• Working data:
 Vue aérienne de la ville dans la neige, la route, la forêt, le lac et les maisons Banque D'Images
* * *
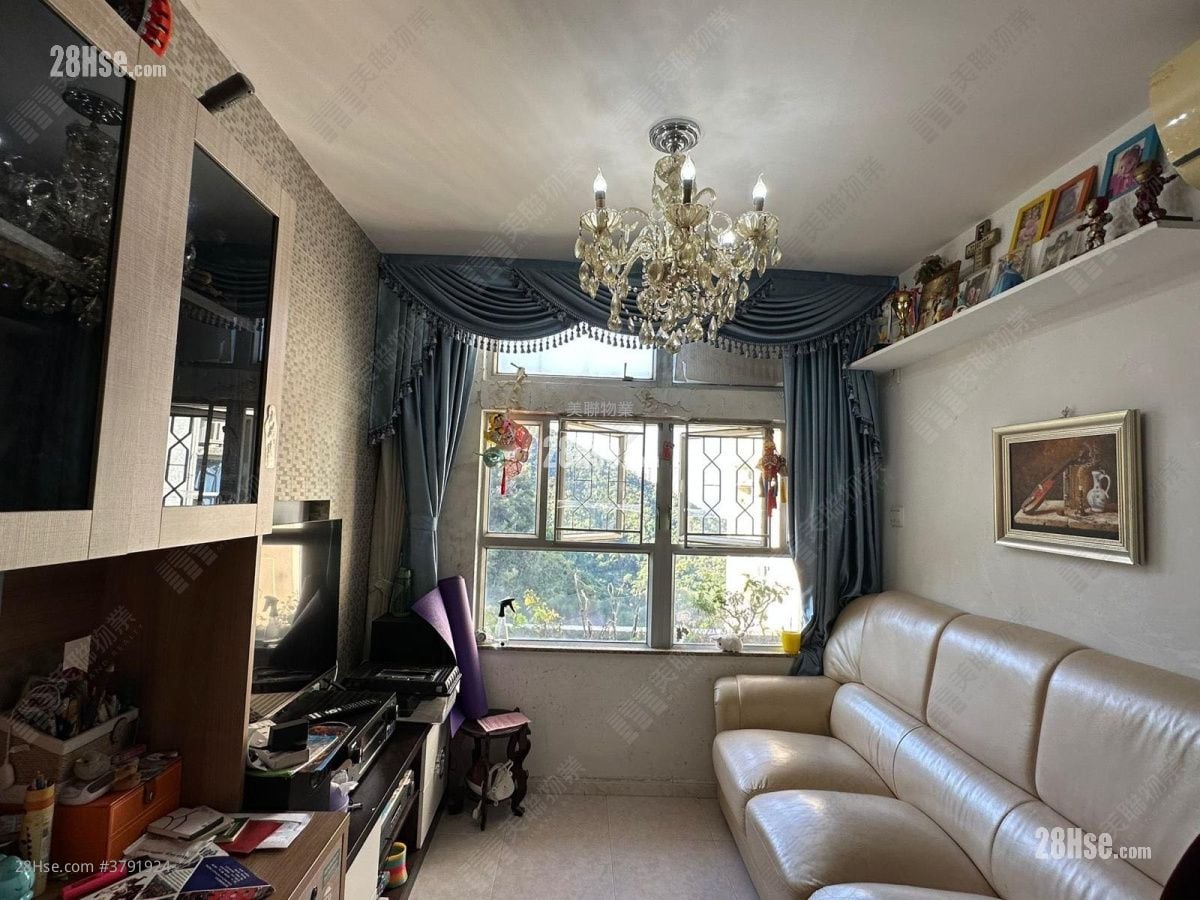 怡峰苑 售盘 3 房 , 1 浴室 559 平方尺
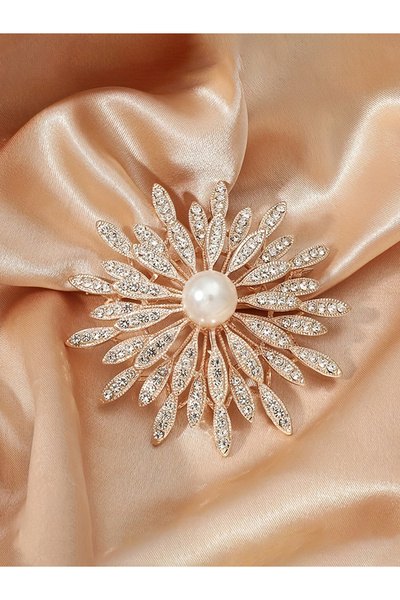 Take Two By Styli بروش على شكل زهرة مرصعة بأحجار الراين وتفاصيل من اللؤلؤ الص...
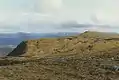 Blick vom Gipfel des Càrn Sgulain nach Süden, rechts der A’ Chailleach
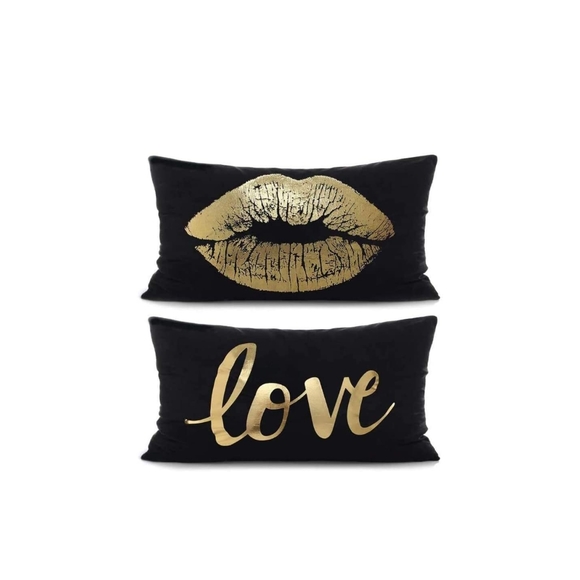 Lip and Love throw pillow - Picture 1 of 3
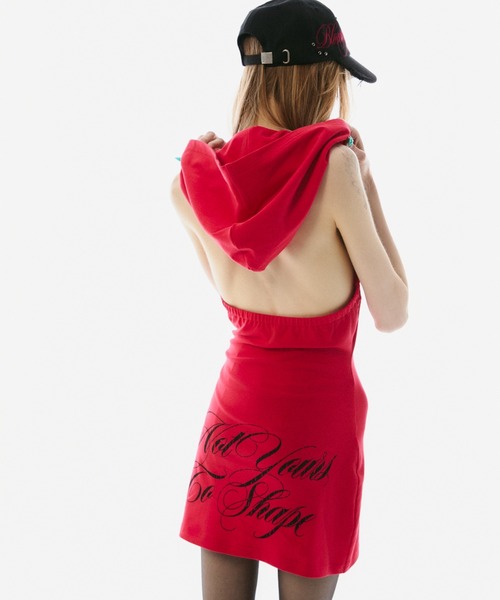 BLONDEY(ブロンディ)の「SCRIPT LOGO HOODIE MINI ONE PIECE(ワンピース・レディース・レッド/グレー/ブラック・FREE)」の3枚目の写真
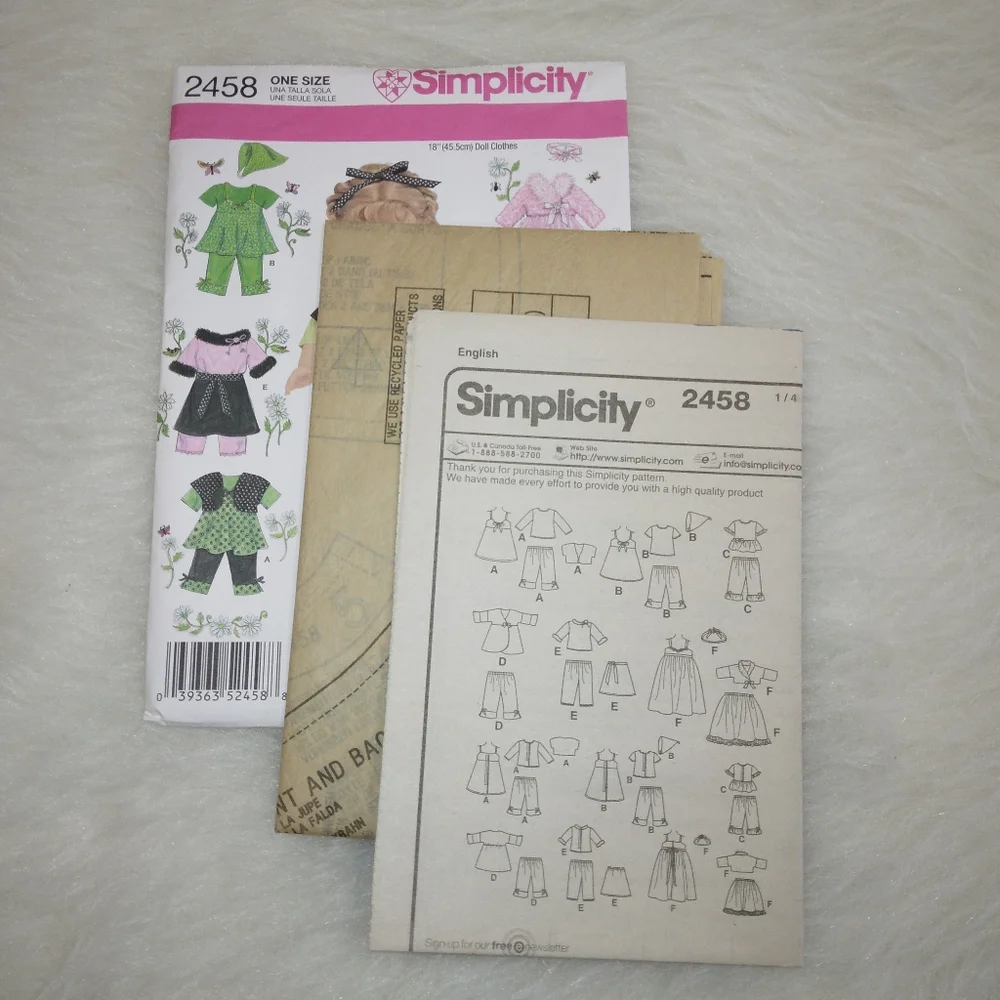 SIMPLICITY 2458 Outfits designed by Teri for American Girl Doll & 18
* * *
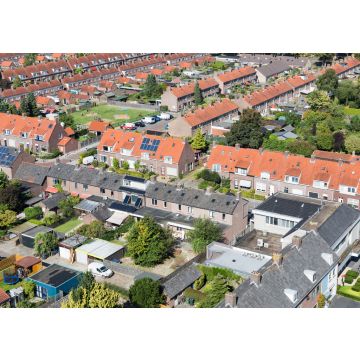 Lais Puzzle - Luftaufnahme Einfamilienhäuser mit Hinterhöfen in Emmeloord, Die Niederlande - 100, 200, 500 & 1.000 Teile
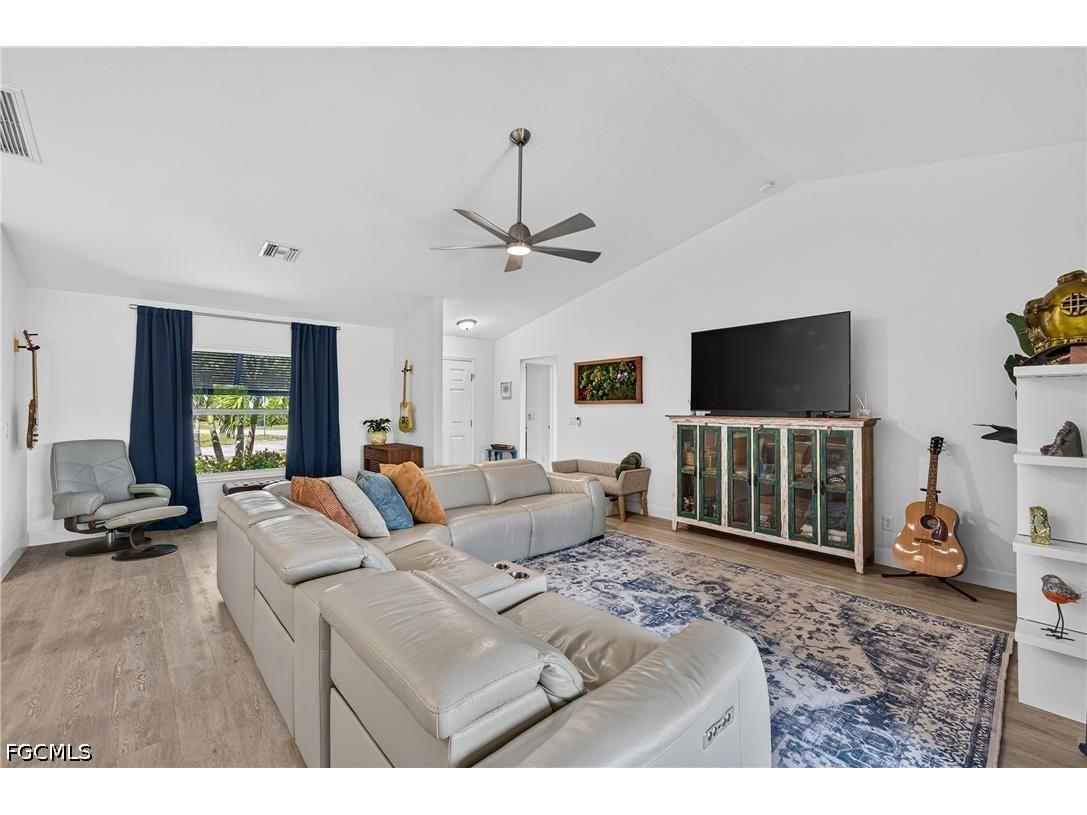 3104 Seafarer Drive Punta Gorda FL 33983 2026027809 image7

• Assignment: Print, word for word, the lines above that run from the line containing "Blick vom Gipfel" to the line containing "SIMPLICITY 2458 Outfits", both included. Keep the pictures out.

• Output for this task:
 Blick vom Gipfel des Càrn Sgulain nach Süden, rechts der A’ Chailleach
 Lip and Love throw pillow - Picture 1 of 3
 BLONDEY(ブロンディ)の「SCRIPT LOGO HOODIE MINI ONE PIECE(ワンピース・レディース・レッド/グレー/ブラック・FREE)」の3枚目の写真
 SIMPLICITY 2458 Outfits designed by Teri for American Girl Doll & 18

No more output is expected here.